> **Requirement**
Determine how many lines of the material hold the word "American", and answer with the number only.

--

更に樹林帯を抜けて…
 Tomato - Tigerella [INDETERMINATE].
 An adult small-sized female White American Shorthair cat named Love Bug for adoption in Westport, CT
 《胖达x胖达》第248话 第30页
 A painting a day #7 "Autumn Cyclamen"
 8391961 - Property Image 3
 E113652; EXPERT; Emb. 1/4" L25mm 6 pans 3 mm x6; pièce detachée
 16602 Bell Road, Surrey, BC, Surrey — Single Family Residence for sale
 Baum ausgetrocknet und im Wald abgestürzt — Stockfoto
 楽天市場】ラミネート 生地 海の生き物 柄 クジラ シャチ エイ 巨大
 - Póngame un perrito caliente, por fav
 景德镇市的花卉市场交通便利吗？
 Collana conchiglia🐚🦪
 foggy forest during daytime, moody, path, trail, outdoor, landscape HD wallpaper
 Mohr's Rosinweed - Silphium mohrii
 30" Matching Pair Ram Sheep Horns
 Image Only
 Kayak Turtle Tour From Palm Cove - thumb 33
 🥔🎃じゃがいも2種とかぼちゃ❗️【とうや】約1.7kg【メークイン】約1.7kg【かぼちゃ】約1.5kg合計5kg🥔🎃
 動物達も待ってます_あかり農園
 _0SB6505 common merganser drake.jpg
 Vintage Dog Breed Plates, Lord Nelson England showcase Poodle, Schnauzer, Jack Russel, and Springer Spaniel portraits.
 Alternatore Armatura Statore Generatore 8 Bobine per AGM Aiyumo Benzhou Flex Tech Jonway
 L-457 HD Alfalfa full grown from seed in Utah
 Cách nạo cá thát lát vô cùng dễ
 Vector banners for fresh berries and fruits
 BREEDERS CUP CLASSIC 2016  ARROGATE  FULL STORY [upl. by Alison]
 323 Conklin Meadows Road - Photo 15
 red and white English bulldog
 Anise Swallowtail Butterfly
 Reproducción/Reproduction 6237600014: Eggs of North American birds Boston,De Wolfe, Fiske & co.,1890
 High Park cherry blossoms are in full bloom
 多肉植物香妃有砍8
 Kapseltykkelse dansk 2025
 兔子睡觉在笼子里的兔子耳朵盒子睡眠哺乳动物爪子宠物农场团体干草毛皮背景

--

> **Solution**
2